╭─ Listed entries
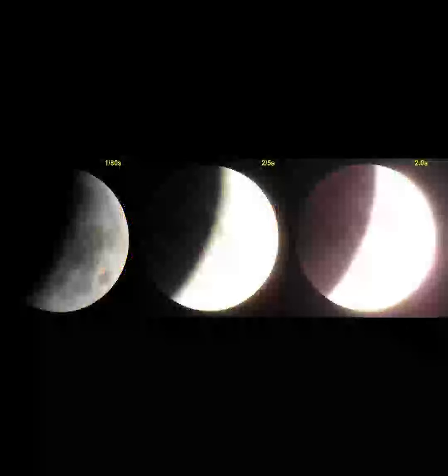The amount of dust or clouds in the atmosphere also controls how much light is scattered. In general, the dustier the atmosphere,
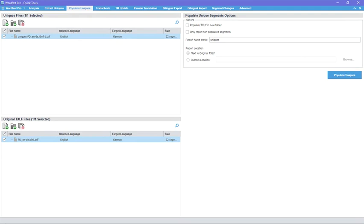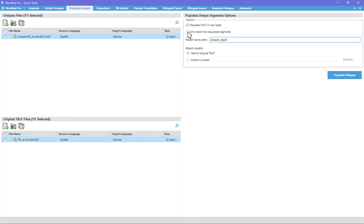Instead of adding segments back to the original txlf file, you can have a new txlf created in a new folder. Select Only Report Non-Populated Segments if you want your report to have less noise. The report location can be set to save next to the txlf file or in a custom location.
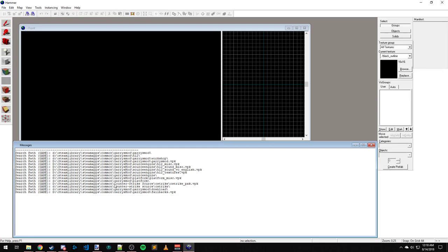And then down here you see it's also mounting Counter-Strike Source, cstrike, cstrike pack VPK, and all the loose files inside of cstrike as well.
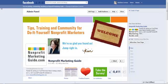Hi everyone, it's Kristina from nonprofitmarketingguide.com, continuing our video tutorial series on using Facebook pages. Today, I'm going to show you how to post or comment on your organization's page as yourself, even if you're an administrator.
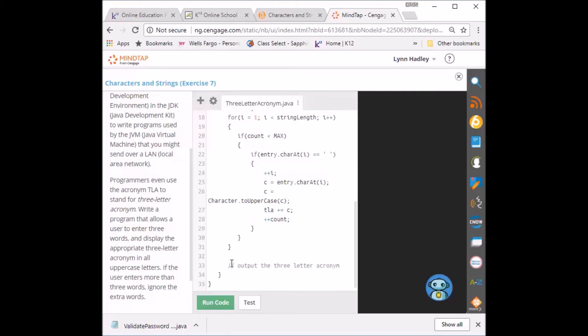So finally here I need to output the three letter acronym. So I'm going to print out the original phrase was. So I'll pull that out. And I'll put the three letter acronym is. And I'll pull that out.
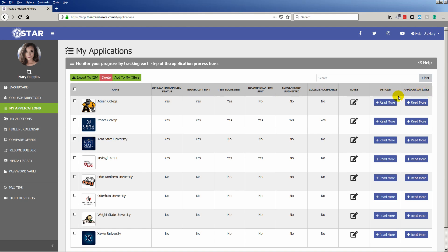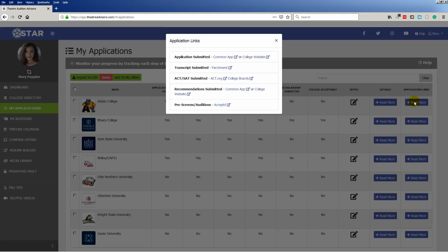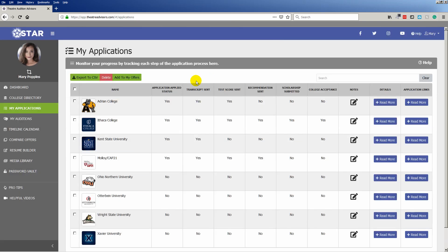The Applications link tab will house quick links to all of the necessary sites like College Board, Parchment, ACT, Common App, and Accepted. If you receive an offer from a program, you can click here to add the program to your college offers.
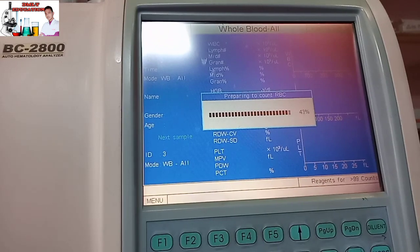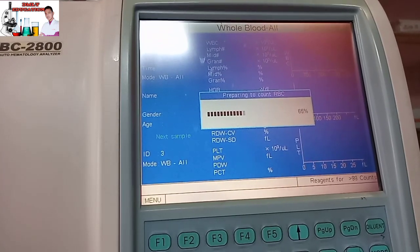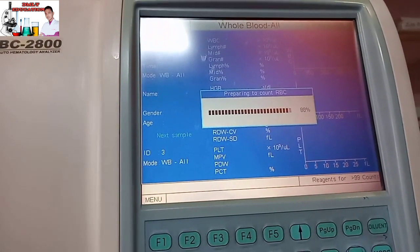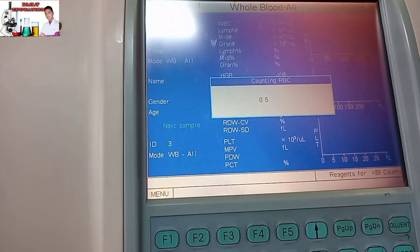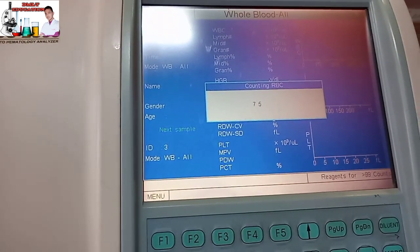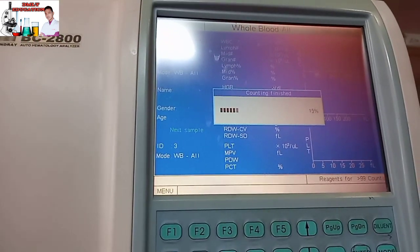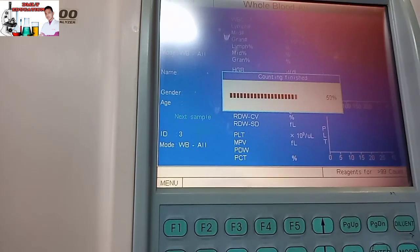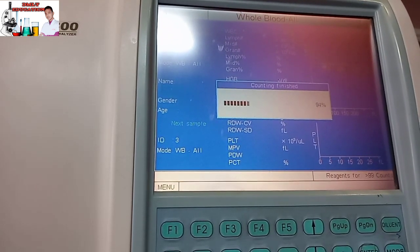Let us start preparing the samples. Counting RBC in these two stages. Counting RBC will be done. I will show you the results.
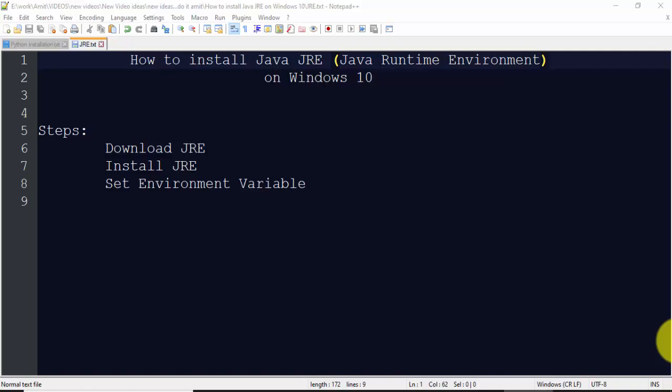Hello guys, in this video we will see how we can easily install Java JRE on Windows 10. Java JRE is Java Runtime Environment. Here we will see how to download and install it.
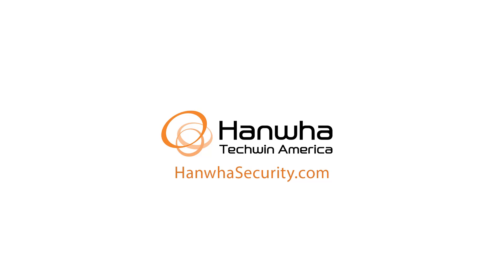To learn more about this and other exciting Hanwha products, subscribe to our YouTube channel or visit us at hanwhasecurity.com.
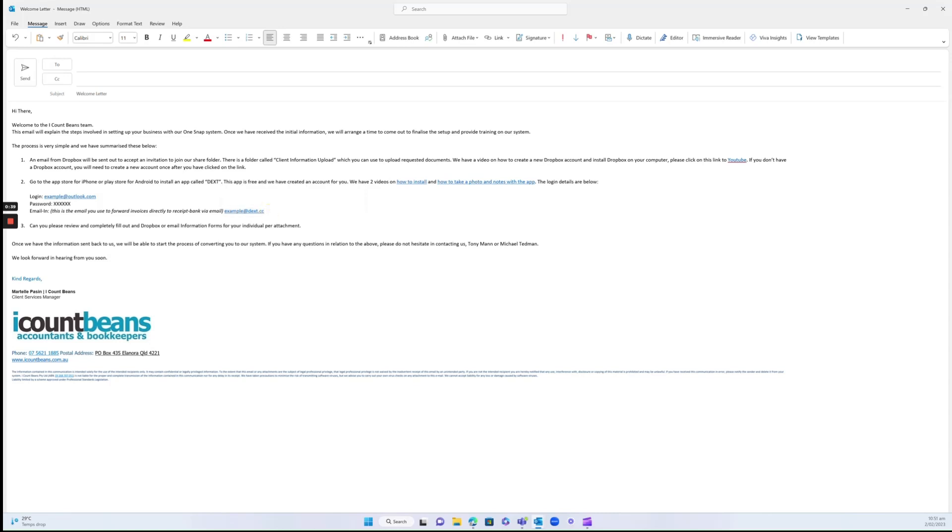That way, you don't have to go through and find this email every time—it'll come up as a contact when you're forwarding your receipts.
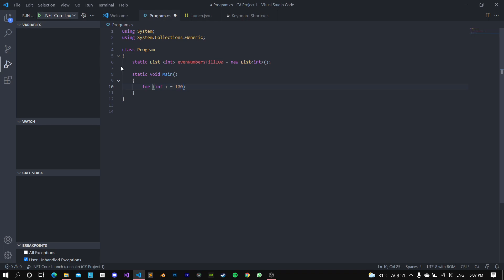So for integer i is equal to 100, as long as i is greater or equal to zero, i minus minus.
╰─
| What you need to do |
Every line from the one with "To learn more" through the last line of the data must be copied exactly. Leave the pictures out.

| Finished exercise |
To learn more about this and other exciting Hanwha products, subscribe to our YouTube channel or visit us at hanwhasecurity.com.
That way, you don't have to go through and find this email every time—it'll come up as a contact when you're forwarding your receipts.
So for integer i is equal to 100, as long as i is greater or equal to zero, i minus minus.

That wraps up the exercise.